> [Activity]:
Write out the listing below in full and exactly, leaving out every picture.

Dataset section below:

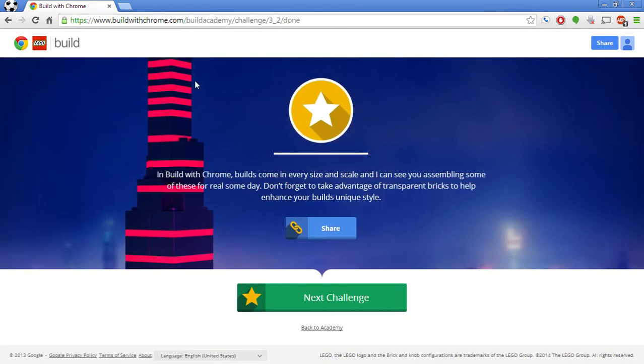Challenge three. Two. Awesome. So I think I'm going to call it here for now. This was my first episode. This is Build with Chrome. And I will see you next time for the next episode. Thank you.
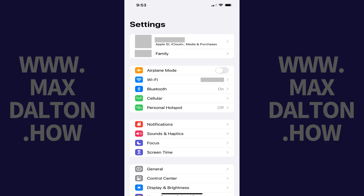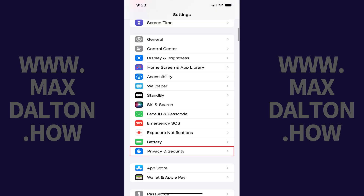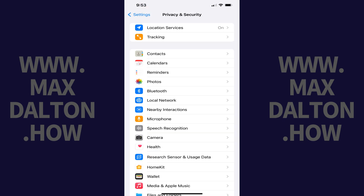Step 2: Scroll down this menu and then tap Privacy and Security. The Privacy and Security screen is displayed.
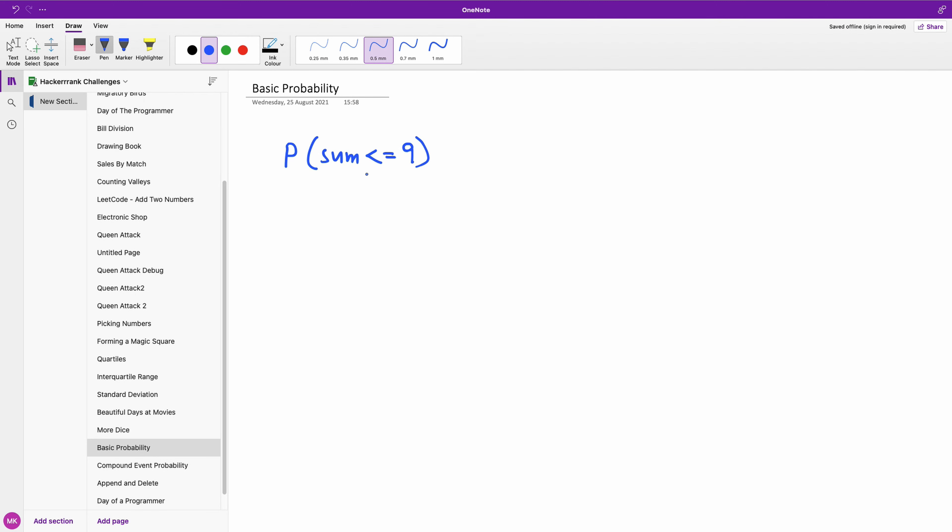One way to approach this is to calculate this probability. Remember that the probability is expected over all. So expected results over all items or sum of all items in the sample space.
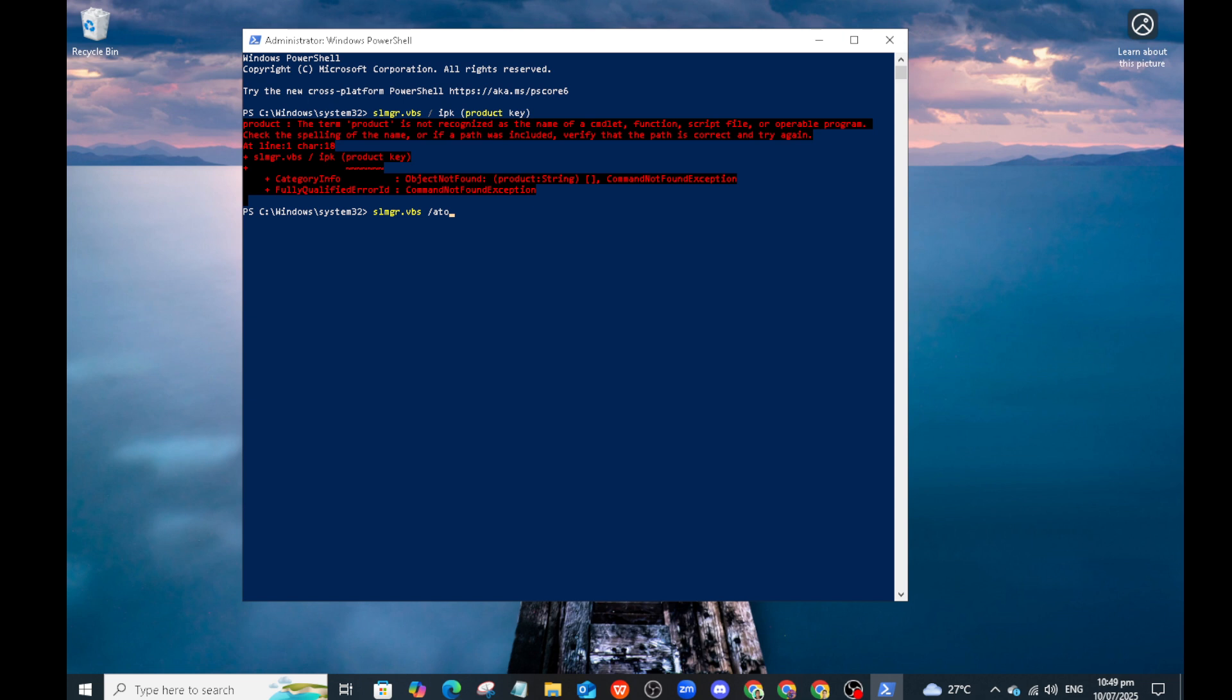And there you have it. Your Windows 10 should now be properly activated using PowerShell. This method not only saves you time but also gives you a bit more control over the activation process. Thanks for following along and enjoy your fully activated Windows 10 experience.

End of Dataset section.

> [Result below]:
Challenge three. Two. Awesome. So I think I'm going to call it here for now. This was my first episode. This is Build with Chrome. And I will see you next time for the next episode. Thank you.
Step 2: Scroll down this menu and then tap Privacy and Security. The Privacy and Security screen is displayed.
One way to approach this is to calculate this probability. Remember that the probability is expected over all. So expected results over all items or sum of all items in the sample space.
And there you have it. Your Windows 10 should now be properly activated using PowerShell. This method not only saves you time but also gives you a bit more control over the activation process. Thanks for following along and enjoy your fully activated Windows 10 experience.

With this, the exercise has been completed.